When asking a person from a marginalized group to explain things, it’s asking them to take time away from advocating for themselves to educate you. There are so many different resources out there for you to educate yourself, from meetings to online to forums to a lot of research. You can find everything you need with a click of a mouse. If and when you do have questions, you can certainly reach out to someone within the community once you’ve already done your research. Always make sure that you keep on educating yourself and keep learning.
“When you step forward as an ally, you have to take that as a commitment and a responsibility. If you say you are an ally, that means you are educating yourself, and you are committed to truly listening when someone comes to tell you something, and not reacting and being on the defensive.”
- Oliva Baker, LGBTQ+ activist and advocate
allyship in the workplace
The best way to be an 'ally' within the workplace is to raise the voices of the 2SLGBTQIA+ community who are already in your workplace. Take some time to support and nurture the 2SLGBTQIA+ community within your company. This means mentoring them to be able to promote them into more senior positions. This will allow you to create a more diverse workplace and allows you to raise voices that may not have been heard before.
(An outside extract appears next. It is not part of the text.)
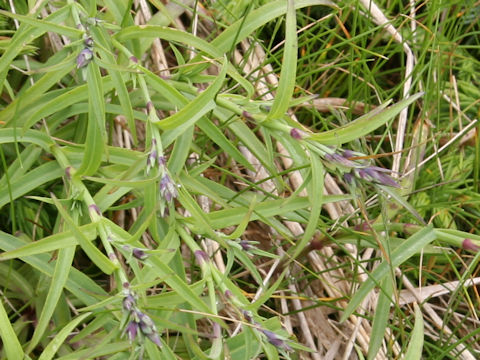 Dianthus superbus var. speciosus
You can also start by creating a workplace that normalizes non-heteronormative and cis-gendered language. This is a huge step to make a workplace that is more inclusive to everyone. For example, instead of saying "you guys" or "hey guys" to refer to a group of people, try using terms such as "everyone," "all," "y'all," or "folks" — words that do not imply gender. In addition, do not perpetuate anti-2SLGBTQIA+ jokes or hateful language in the workplace. Let it be known that you will not stand for this behaviour and will not tolerate jokes or punch downs. Do not accept this kind of behaviour from anyone in the workplace, even if you think you're among friends.
Last by certainly not least, be willing to be uncomfortable. It's always difficult when our worldview is challenged, but listening and understanding with an open mind is always the best way to better yourself and help to stand in solidarity with the community. It's often quite tricky when our inherent biases and worldview are being challenged. Being uncomfortable is learning. Think of 'allyship' as something that you do, something that you make an effort to practice, rather than something that you are. It's not a label. It's a lifestyle.